▶ **Supplied information**
****
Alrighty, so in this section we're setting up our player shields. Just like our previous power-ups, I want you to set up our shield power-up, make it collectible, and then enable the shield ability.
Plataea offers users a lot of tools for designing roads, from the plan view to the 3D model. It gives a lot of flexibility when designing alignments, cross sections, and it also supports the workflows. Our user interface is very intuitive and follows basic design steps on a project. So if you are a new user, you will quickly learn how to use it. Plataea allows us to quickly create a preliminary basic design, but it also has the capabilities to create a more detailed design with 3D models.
****
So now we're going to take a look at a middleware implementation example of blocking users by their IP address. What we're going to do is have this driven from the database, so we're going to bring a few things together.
****
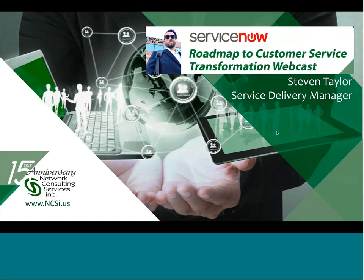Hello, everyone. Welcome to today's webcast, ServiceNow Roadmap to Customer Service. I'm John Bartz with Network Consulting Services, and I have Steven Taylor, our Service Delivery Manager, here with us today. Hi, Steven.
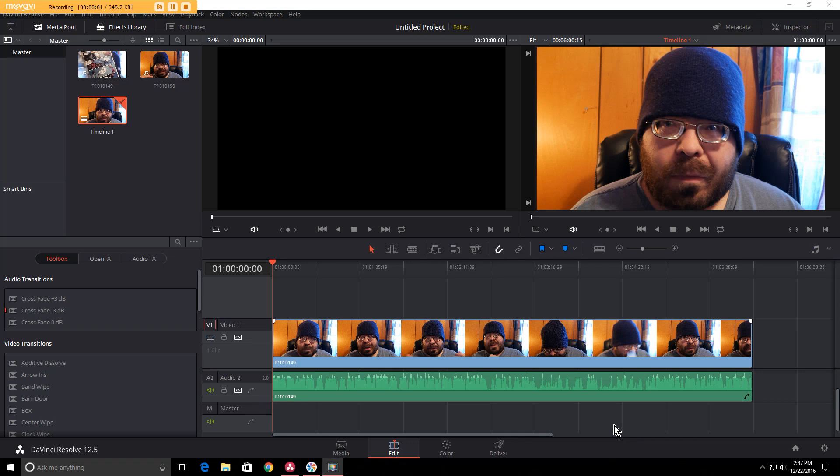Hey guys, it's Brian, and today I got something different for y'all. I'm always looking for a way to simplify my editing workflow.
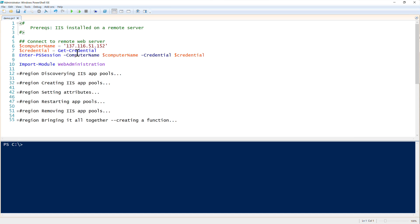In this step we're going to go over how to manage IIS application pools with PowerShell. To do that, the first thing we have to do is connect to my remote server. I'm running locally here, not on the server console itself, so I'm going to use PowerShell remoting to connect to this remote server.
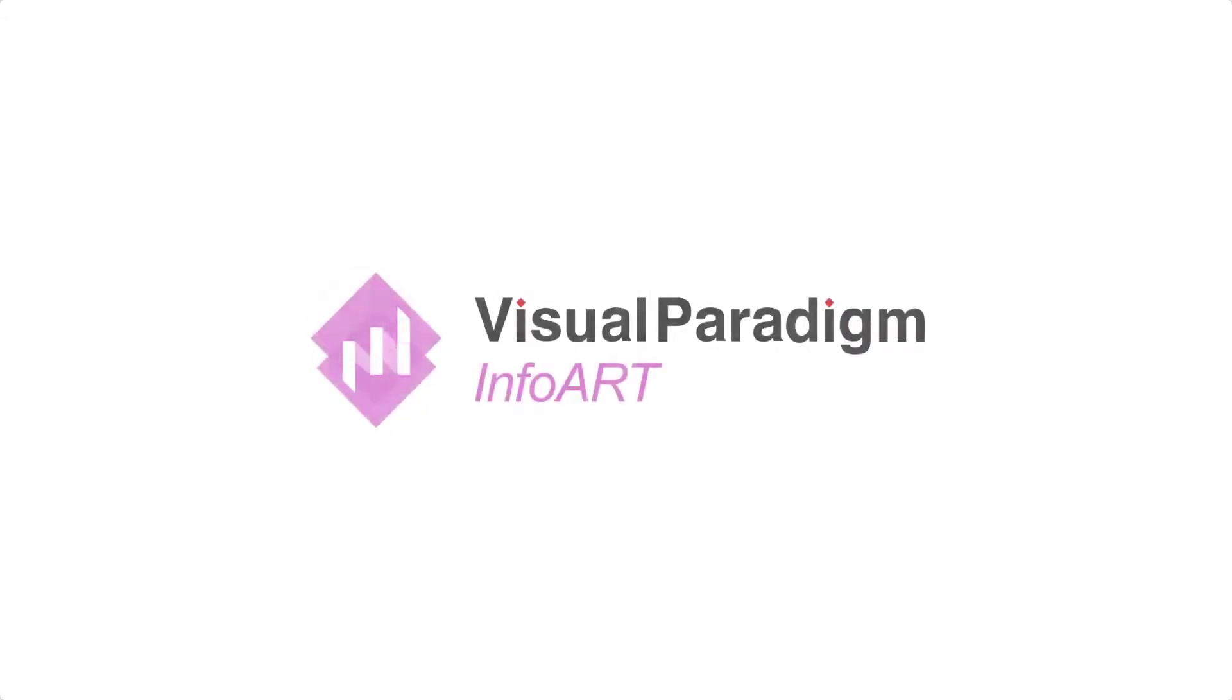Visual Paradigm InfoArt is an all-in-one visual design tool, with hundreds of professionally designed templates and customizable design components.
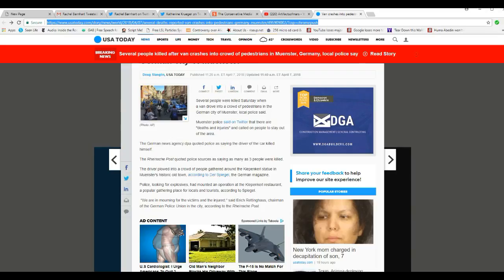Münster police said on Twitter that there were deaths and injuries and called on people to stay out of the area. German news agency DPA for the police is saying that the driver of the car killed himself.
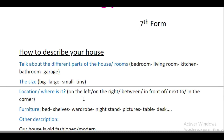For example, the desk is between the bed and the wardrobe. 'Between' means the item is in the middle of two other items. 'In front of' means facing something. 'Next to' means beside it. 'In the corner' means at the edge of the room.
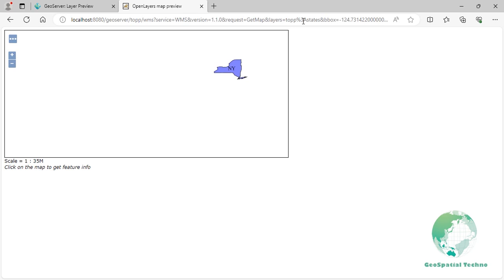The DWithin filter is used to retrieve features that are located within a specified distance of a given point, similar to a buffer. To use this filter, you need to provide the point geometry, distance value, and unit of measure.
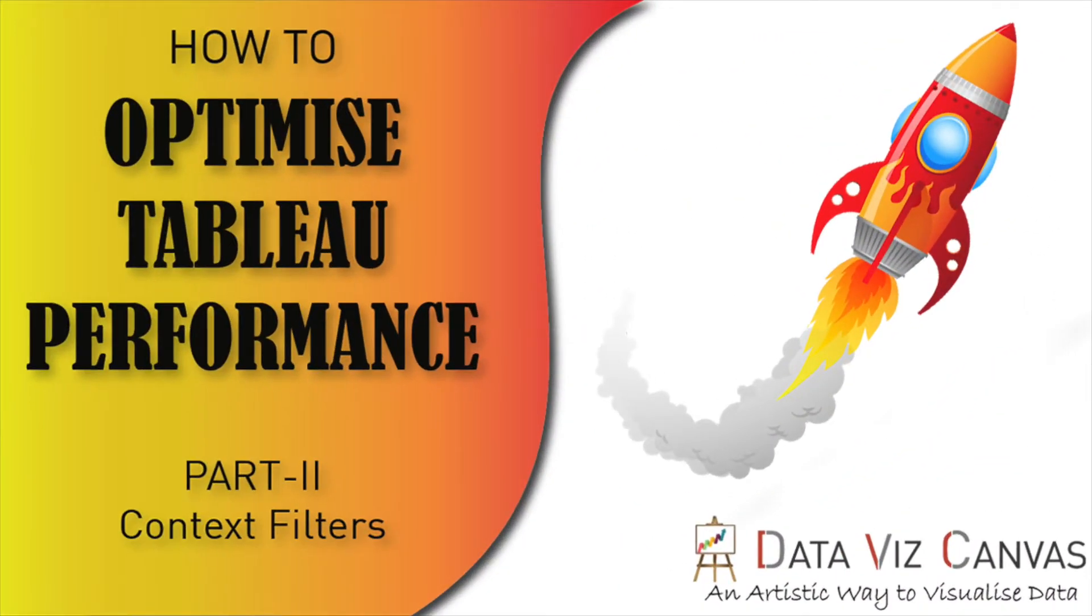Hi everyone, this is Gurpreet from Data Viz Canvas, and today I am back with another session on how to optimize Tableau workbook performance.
****
Search the data for "users". Copy each line that has it.

Plataea offers users a lot of tools for designing roads, from the plan view to the 3D model. It gives a lot of flexibility when designing alignments, cross sections, and it also supports the workflows. Our user interface is very intuitive and follows basic design steps on a project. So if you are a new user, you will quickly learn how to use it. Plataea allows us to quickly create a preliminary basic design, but it also has the capabilities to create a more detailed design with 3D models.
So now we're going to take a look at a middleware implementation example of blocking users by their IP address. What we're going to do is have this driven from the database, so we're going to bring a few things together.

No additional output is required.